Madamon is a village located in Ranni-Perunad Panchayat of Ranni Taluk, Pathanamthitta District of Kerala. It is situated in the Western Ghats and has undulating terrain. The place is blessed with Pamba, a holy river which flows through it.

Hrishikesha Temple
The village boasts of the "Hrishikesha Temple" which is a stop over for many pilgrims who pass through this village to the holy shrine Sabarimala, 60 km away. The main festival of this temple is that of Pathamudayam, meaning the 'tenth sunrise'. This occurs generally on 23 or 24 April, when the sun is exactly over this latitude.

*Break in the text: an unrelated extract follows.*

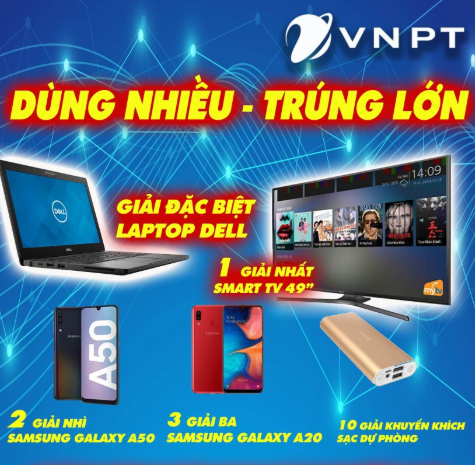DÙNG NHIỀU TRÚNG LỚN CÙNG VNPT- TRI ÂN KH 2019 TẠI VĨNH LONG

This is a 10-day festival which is the main attraction for the folks around this village. Similarly the temple celebrates the Sabarimala festive season during mid November to mid January.

Schools
The village has a government-run upper primary school (classes till Seventh Standard) and a post office. The village also has co-operative bank as well as a private bank. There is a library (Granthasala)also that exist in the village.

Economy
Agriculture is the mainstay of the population. The area has extensive rubber plantation. The villagers also tend cows and produce milk which is collected by the Milma Co-operative outlet in the village. Many young people have started plying auto-rickshas and taxis as a source of employment and livelihood.

Tourism
The village has attained prominence amongst the Sabarimala pilgrims as a stopover place. They take a break for a holy bath in Pamba river as well as for refreshments. The local temple also forms an added attraction.

Agriculture
The village folks are generally farmers growing food items like tapioca, bananas, vegetables, and cash crops like coconut and rubber. They produce Betel nut as well as black pepper. As with most other villages, a large number of the locals work outside the state, even abroad and support the families back in this village.

Transportation
Madamon is divided into Madamon Vadekkekkara and Madamon Thekkekkara. The main Sabarimala Road is going through Vadekkekkar on the other hand Thekkekkara connected to Ranni and Vadasserikkara. The main attraction of Vadekkekkara is the Church of God Madamon a Christian church started in 1960. Also another attraction is the Madamon convention by Ezhava Community conducted on a yearly basis.